Was macht eigentlich einen guten Politiker aus? Ohne Zweifel: Er sollte beliebt, kompetent, integer und verhandlungssicher sein, Volksnähe ausstrahlen und wissen, wo den kleinen Mann der Schuh drückt. Natürlich müsste er auch imstande sein, globale Krisen souverän zu lösen - und sich nicht von Typen wie Recep Tayyip Erdogan oder Donald Trump ins Bockshorn jagen lassen. Darüber hinaus wäre es auch nicht von Nachteil für die Glaubwürdigkeit eines Volksvertreters, sich zuvor im Berufsleben bewiesen zu haben, statt direkt vom Hörsaal in sein Amt gewechselt zu sein.
Wer diesem Anforderungsprofil zustimmt und dieses in die Realität überträgt, der wird auf der Suche nach seinem Lieblingspolitiker höchstwahrscheinlich auf kommunaler Ebene stranden - aber wohl kaum in den Reihen der Berliner Spitzenpolitik fündig. Kurios ist daran: Laut einer Forsa-Umfrage könnten sich 41 Prozent der Bundesbürger vorstellen, sich politisch zu engagieren. Immerhin 54 Prozent vertrauen „ihrem" Bürgermeister.

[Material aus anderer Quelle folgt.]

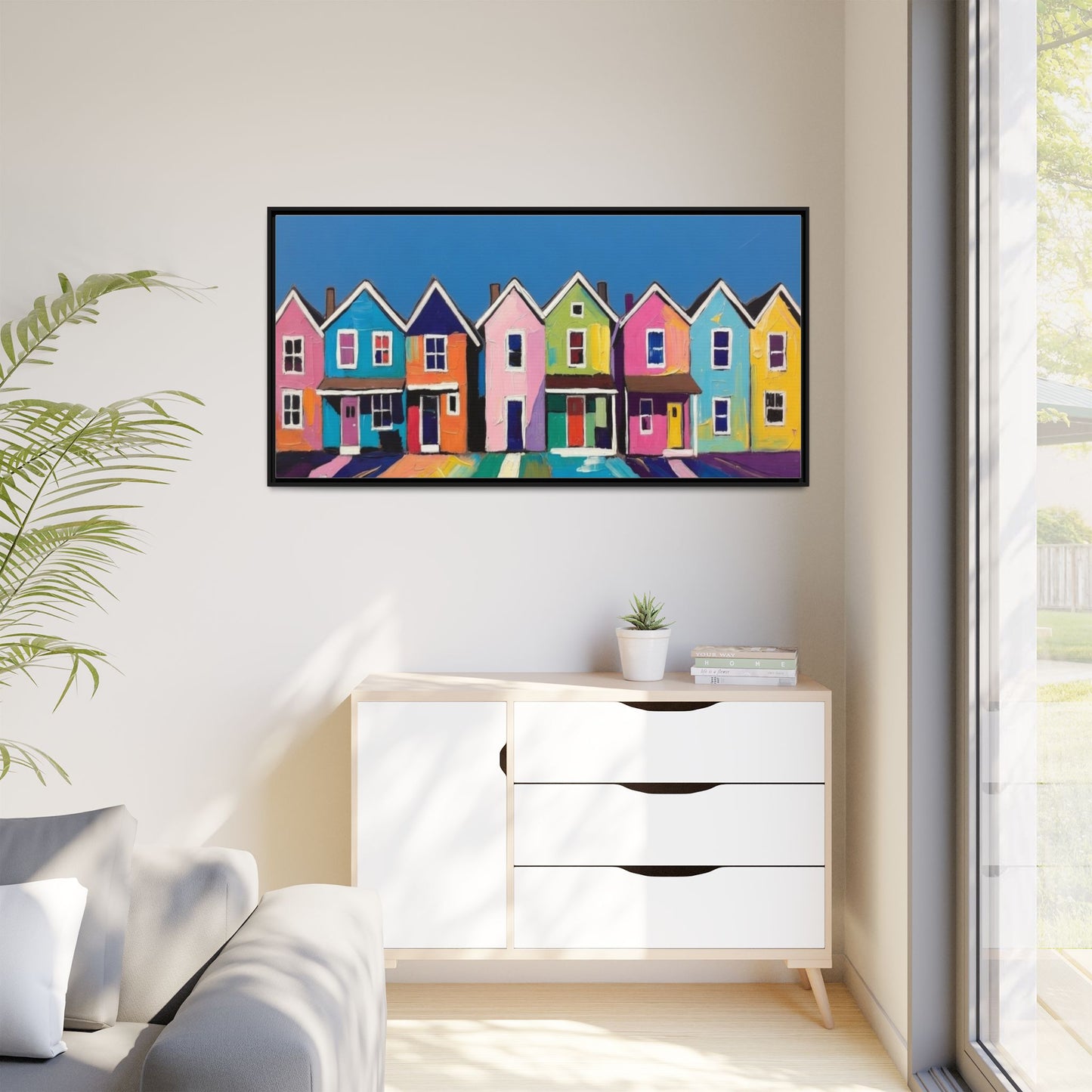 Colorful Beach Houses Matte Canvas Framed Wall Art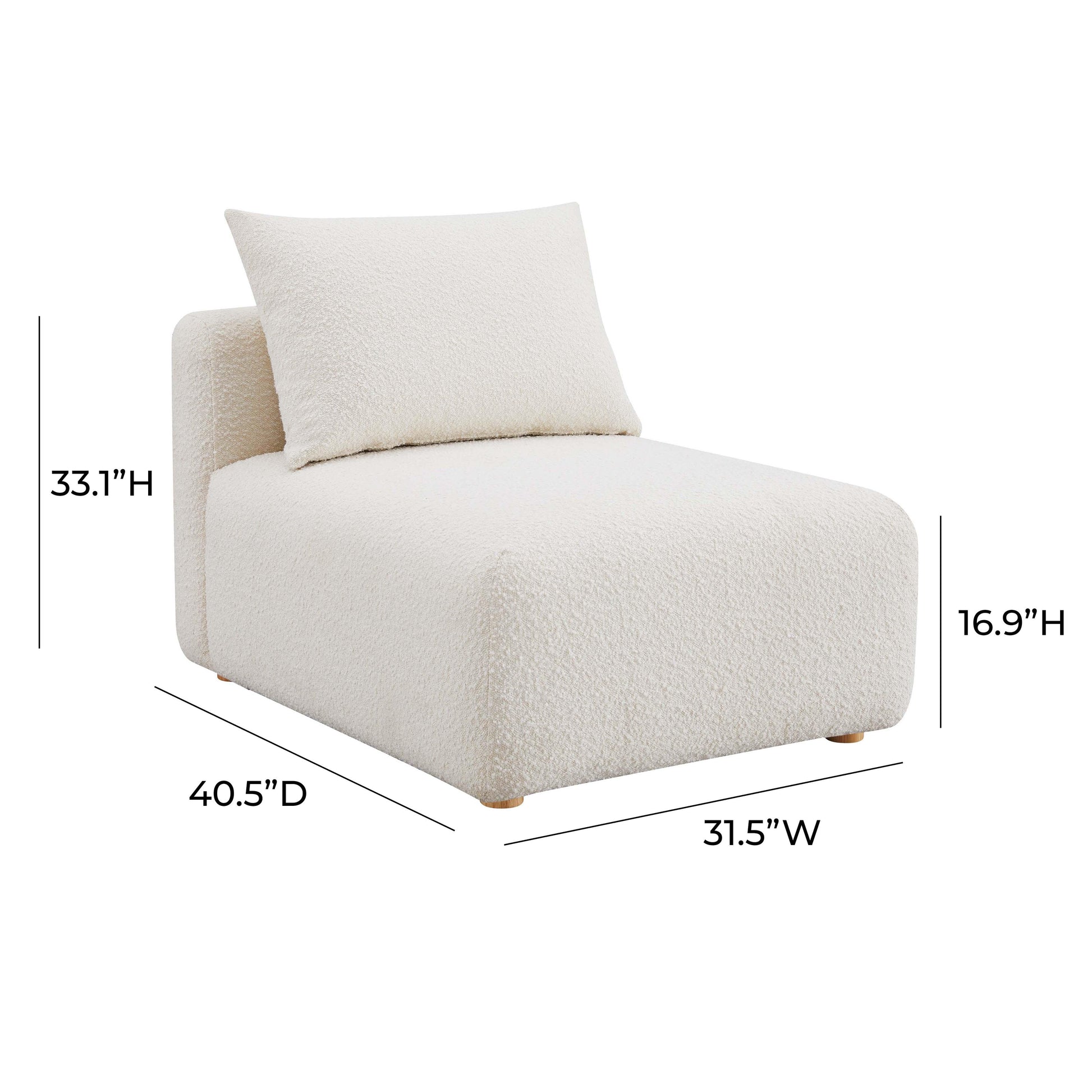 Hangover Cream Boucle Modular Armless Chair by TOV L68787 Ac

Doch seit Jahren wabert eine nicht zu leugnende Skepsis gegenüber politischen Entscheidungen durch die Republik. Für dieses Misstrauen und die gerade auf kommunaler Ebene niedrigen Wahlbeteiligungen gibt es sicher gute Gründe. Aber Demokratie lebt nun einmal davon, dass sich Menschen für sie starkmachen: Ob als Wähler, Abgeordneter, im Fußballverein oder am Arbeitsplatz.
Wer sich dazu entschließt, sich neben seinem Beruf politisch zu engagieren, der wird rasch feststellen, dass nach Feierabend noch lange nicht an Freizeit zu denken ist. Ortsvereins-Sitzungen, Bürgerfragestunden, Ortstermine mit besorgten Bürgern oder der Besuch von Vereinsfesten sind das tägliche Los eines engagierten Lokalpolitikers. Ganz nebenher gilt es, binnen zwei Wochen den 1000-seitigen Haushaltsplan einer Kommune durchzuackern, um Etat-Anträge zum Wohle des Stadtteils einzureichen - ehrenamtlich versteht sich. Das ist nicht unbedingt das, was man sich unter einer entspannenden Freizeitbeschäftigung vorstellt.
Das oben beschriebene Szenario stellt allerdings nur die unterste Stufe kommunalpolitischer Arbeit dar. Um innerhalb einer Partei aufzusteigen, ist es unvermeidlich, sehr viel mehr Zeit zu investieren, politische Konkurrenten zu überflügeln, bei der Parteiführung nicht unangenehm aufzufallen und zugleich den Kontakt zu Journalisten, Interessenvertretern und Bürgern zu pflegen.
In Anbetracht dieser Aufgabenfülle ist es kaum verwunderlich, dass viele Spitzenpolitiker schon seit ihrer Jugend auf eine hauptberufliche Politik-Karriere hinarbeiten. Wäre dies nicht der Fall, würden sie relativ schnell in die lokalen Niederungen ihrer Partei zurücksinken. Für hochqualifizierte Quereinsteiger wiederum sind Parteiposten meist unattraktiv: Diese verdienen in der freien Wirtschaft oft das Vielfache eines Minister- oder Kanzlergehalts und stehen nicht ständig im Licht der Öffentlichkeit.
Wer sich am Stammtisch über seine Volksvertreter beschwert und am Wahlsonntag lieber den Grill anwirft, statt ins Wahllokal zu gehen, der verwechselt Ursache und Wirkung des grassierenden Politik-Verdrusses. Denn am Ende sind es die Wähler, die darüber abstimmen, wer über die Zukunft ihres Landes bestimmt. Wer jedoch keinen Gebrauch von seinem Wahlrecht macht, nimmt billigend in Kauf, dass die Politik nur jene Stimmen hört, die am lautesten rufen.